I can’t say whether the ones I’ve eaten here in New York contained any lamb tail fat. Nevertheless, when grilled until nearly bursting and devoured steaming and glistening with piquant ruddy grease, they are thrillingly spicy, deeply satisfying and a cinch to make.
Like all kinds of sausages, merguez are an ultimate convenience food: preseasoned and ready to go. In North Africa, merguez are served stuffed into sandwiches, grilled and paired with flatbread to catch the drips, or simmered into tagines as part of a more elaborate meal with couscous. For this recipe, I’ve veered lighter, using the rich, brawny sausages in a summery, vegetable-packed salad.
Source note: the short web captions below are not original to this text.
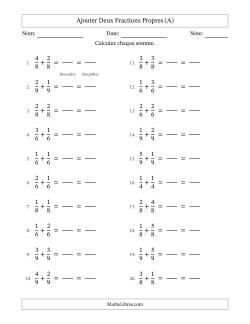 Ajouter deux fractions propres avec des dénominateurs égaux, résultats en fractions propres, et avec simplification dans tous les problèmes (Remplissable)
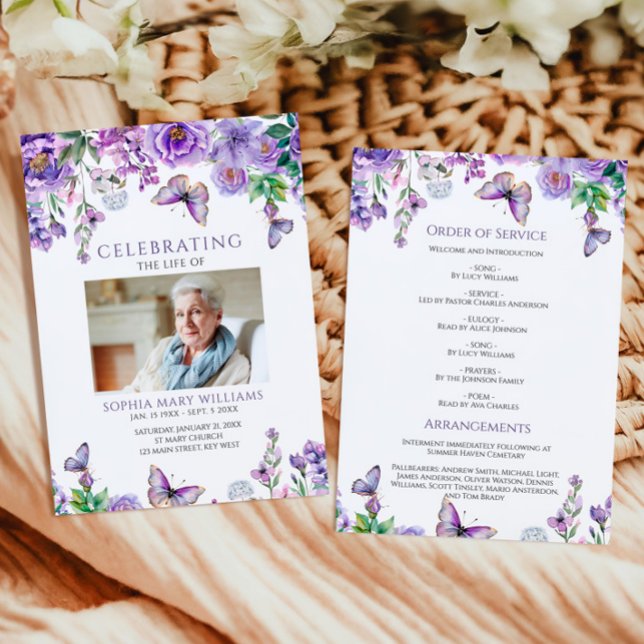 Programa Purple Flowers Funeral Order of Service (Subido por el creador)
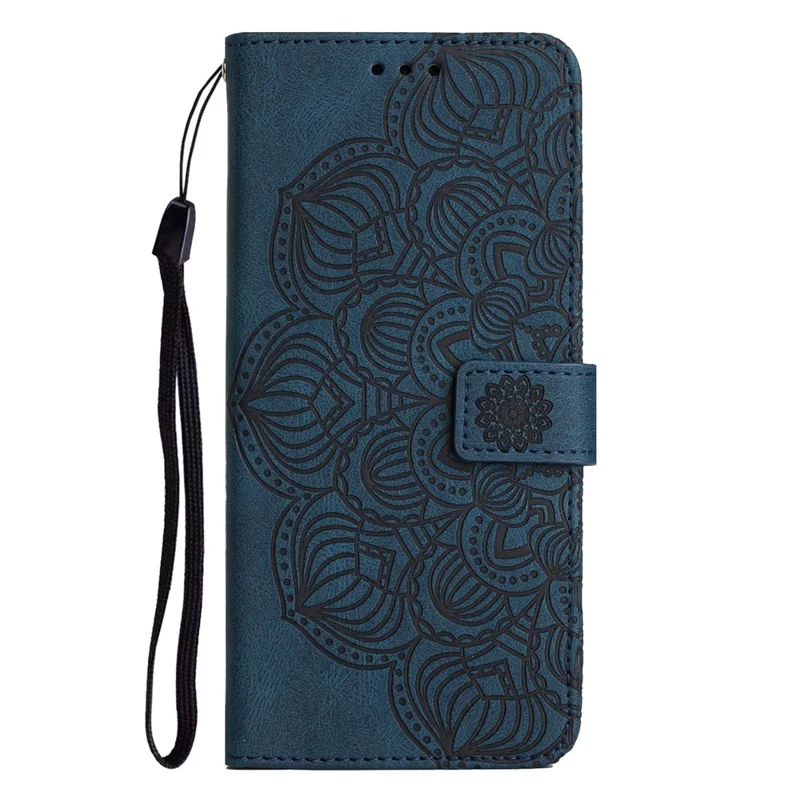For Samsung Galaxy A23e Drop Protection Phone Cover Imprinted Mandala Flower Wallet PU Leather+Soft TPU Case - Blue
Couscous makes up the foundation, a fluffy bed to absorb all the meaty juices. To this, I’ve added loads of fresh cucumbers, cherry tomatoes and herbs, plus radishes marinated in a little lemon juice and cumin until they have softened into floppy pickles. Lastly, for crunch, I sprinkle pine nuts or almonds over the top.
Until recently, it could be easier to make merguez than to buy them, but that’s changing fast. While you won’t see them next to the hot Italian links in every grocery store, they are becoming more available at butcher shops, large supermarkets and online. But you also can use any other kind of sausage here, preferably something with a fiery bite to contrast with the juicy sweetness of ripe tomatoes and cucumbers.
That’s yet another advantage of sausages: the ability to substitute one for the other — and still have the dish come out perfectly.